Ma l’aspetto più controverso riguarda ciò che è avvenuto pochi giorni prima del voto.
Il 24 settembre, infatti, il TAR della Lombardia ha annullato la delibera del Comune di San Donato Milanese, che consentiva la costruzione del nuovo stadio del Milan nell’area di via Monticello.
Una sentenza che – secondo fonti giuridiche – era già stata notificata alle parti interessate, cioè ai legali del Milan e ai fondi immobiliari coinvolti.
Nonostante ciò, né il Sindaco Sala né la sua vice Anna Scavuzzo hanno ritenuto opportuno informare il Consiglio comunale di una decisione che smentiva l’intera narrazione usata per giustificare la vendita di San Siro: quella secondo cui, se non si fosse approvata subito la delibera, le squadre si sarebbero trasferite altrove, lasciando Milano con uno stadio vuoto e un’area abbandonata.
In realtà, dopo la decisione del TAR, il progetto alternativo di San Donato era giuridicamente bloccato, e nessuna delle due società avrebbe potuto procedere a breve con la costruzione di un nuovo impianto.
Ciò significa che il Comune non era affatto sotto pressione e avrebbe potuto – anzi dovuto – riaprire la trattativa, rinegoziare i termini e pretendere maggiori garanzie pubbliche.
Non lo ha fatto.
Un comportamento ai limiti della buona fede
Due sono le ipotesi, entrambe inquietanti.
O il Comune ignorava la sentenza, e in tal caso si tratterebbe di una grave negligenza amministrativa, considerata la rilevanza dell’atto e la sua pubblicazione tramite il portale del processo amministrativo telematico.
Oppure qualcuno era perfettamente informato, ma ha scelto di tenere nascosta la notizia per non compromettere la corsa all’approvazione della delibera.
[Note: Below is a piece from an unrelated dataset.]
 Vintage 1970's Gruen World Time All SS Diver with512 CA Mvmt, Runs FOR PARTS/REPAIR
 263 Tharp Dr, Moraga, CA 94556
In questo secondo caso, si configurerebbe un comportamento in violazione del principio di buona fede nelle trattative (art. 1337 del Codice Civile) e una lesione del diritto all’informazione dei consiglieri comunali.
Come hanno votato i consiglieri

Un’operazione sbilanciata a favore dei privati
Molti osservatori sottolineano che la trattativa con Inter e Milan sia stata condotta fin dall’inizio in modo sbilanciato a favore dei fondi immobiliari che controllano le due società.
L’area di San Siro – oltre 150 mila metri quadrati di suolo pubblico – verrà ceduta a un prezzo che molti tecnici giudicano inferiore al valore reale, in cambio di generiche promesse di “rigenerazione urbana” e di investimenti che restano in gran parte nelle mani dei privati.
Il Comune, nel frattempo, rinuncia a un bene storico e identitario, senza garanzie su destinazioni d’uso, accessibilità pubblica o vincoli culturali.
Due stadi e una città ostaggio della speculazione
Come se non bastasse, nelle ultime ore anche il Presidente del Senato Ignazio La Russa ha proposto di mantenere in piedi San Siro accanto al nuovo stadio, destinandolo a calcio minore e concerti.
Un’ipotesi che renderebbe l’area un epicentro di traffico, inquinamento e cementificazione, trasformando un quartiere residenziale in una zona a saturazione permanente.
Conclusione: la città merita chiarezza
La delibera del 30 settembre rappresenta non solo una scelta politica contestabile, ma anche un precedente istituzionale pericoloso, in cui le regole del confronto democratico sono state piegate agli interessi dei poteri forti.
La vicenda di San Siro non è chiusa: la sentenza del TAR, le modalità del voto e la gestione opaca dell’informazione impongono un approfondimento urgente da parte della stampa e degli organi di controllo.
Per ora, resta una certezza:
Milano ha perso un pezzo della sua credibilità pubblica, e il Sindaco Sala dovrà spiegare ai cittadini perché la città è stata esclusa da una delle decisioni più importanti della sua storia recente.